April 28, 2010
Teppo Felin already blogged this at Org Theory but I thought I’d raise one question about Herb Gintis’s proposal for the unification of the behavioral sciences (paper and lecture). My question is this: would unification of the behavioral sciences discourage methodological and theoretical innovation?
As an interdisciplinary scholar, I am often frustrated but my fellow social scientists lack of regard for the insights gained in sister disciplines. Unification would seem to fix that problem, but some might argue that more unified academic standards would discourage innovation. The idea is that each discipline is currently like a separate experiment, and unifying them would be putting all our eggs in one basket.
I’d be interested to hear what other people think about this argument, but I’m inclined to believe we can pursue unification and intellectual diversity at the same time. (post edited for clarity)
April 21, 2010
A revision control system, for those with even less programming experience than myself, manages “changes to documents, programs, and other information stored as computer files.” The most advanced ones are used by teams of programmers who simultaneously edit the same code. Simpler revision control is built in to things like wikis and word processors.
I’m wondering whether a revision control system would be helpful for me now, or in the future, even if all I’m doing is statistics.

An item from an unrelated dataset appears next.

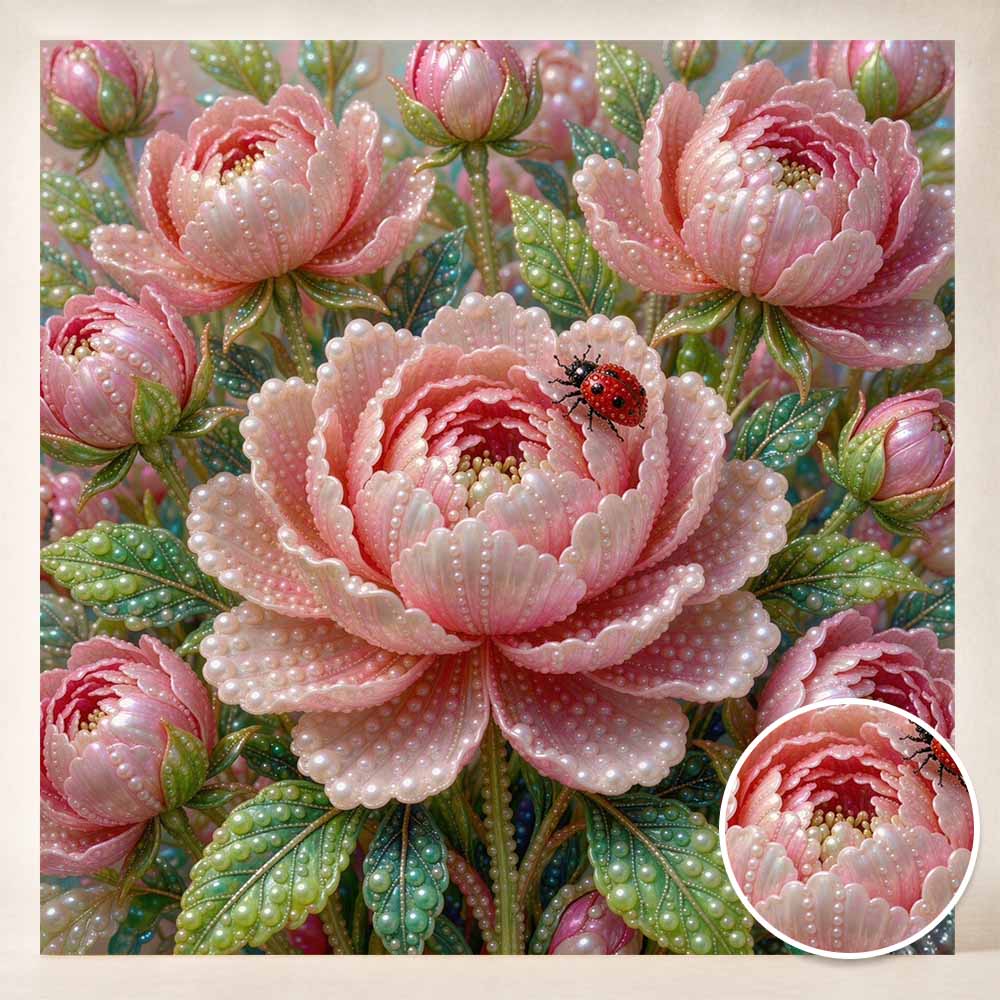 Pearl Painting 5D DIY Decorative Painting. Pink Peony Flower and Ladybug. Cute Birthday Gift. Handmade Art Painting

I’m working with a big dataset (ok Scott, not that big) and I’ve written a fair bit of code. Nothing too complicated, it is half data preparation, and half analysis and graphics. Every so often I save my code under a new name, that way, if I accidentally save bad changes, I can always revert to a previous state. I do the same thing with the dataset itself, and, in R, with my workspace. In fact, I have an extra reason to do this with the data and my R workspace: memory management. R often complains that its running out of memory so I respond by deleting variables that I probably won’t need or could recreate without too much trouble.
It is sometimes annoying to find code that I wrote simply because there is a lot of text to go through. I can only organize it one way, e.g. I could put all the code that makes graphs together, but then the code that makes graphs wouldn’t be placed next to the code that creates the data the graphs are based on.
Is a revision control system overkill for what I’m doing? Any other thoughts?
April 16, 2010
This sounds like a great conference! Though the distinguished participants have a great deal of wisdom, and I fully support attempts to tackle big questions, the summary reminds me of the limits of this approach. How accurately do you think we can predict where the big advances will come in the next fifty years? Determining which advances in the past fifty years were most important would seem to be much easier, but there would be a lot of disagreement on that question too, even if you restricted the sample to sociologists. Shouldn’t we be a bit disturbed by this?
If you want to take a shot at these questions I’d start by specifying the value of different types of advances, and then outline which type of advances are most likely.
April 6, 2010
A friend at Cloudera recently invited me to write a post for their corporate blog about how social scientists are using large scale computation.
I’ve been using Hadoop and MapReduce to study some really large datasets this year. I think it’s going to become more and more important and open the world of scientific computing to social scientists. I’m happy to evangelize for it.
One of the ideas that didn’t make its way into the final version is that even though the tools and data are becoming more widely available to laypeople, asking good social science questions — and answering them correctly — is still hard. It’s comparatively easy to ask the wrong question, use the wrong data, draw the wrong inference, and so on, epecially if the wrongness is subtle. As an example, I think the OkCupid blog is interesting, but it’s not social science.
Social science has long been concerned with sampling methods precisely because it’s dangerously easy to incorrectly extrapolate findings from a non-representative sample to an entire population. Drawing conclusions from internet-based interactions can be problematic because the sample frame doesn’t match the population of interest. Even though I learned to make a cigar box guitar from Make Magazine, I don’t assume I know that much about acoustic engineering. Likewise, recreational data analysis is fun, illuminating and perhaps suggestive of how our social world works, but one ought not conclude that correlations or trends tell the whole, correct story. However, if exploring and experimenting with data can spark an interest in quantitative analysis of our social world, then I think it’s all for the better.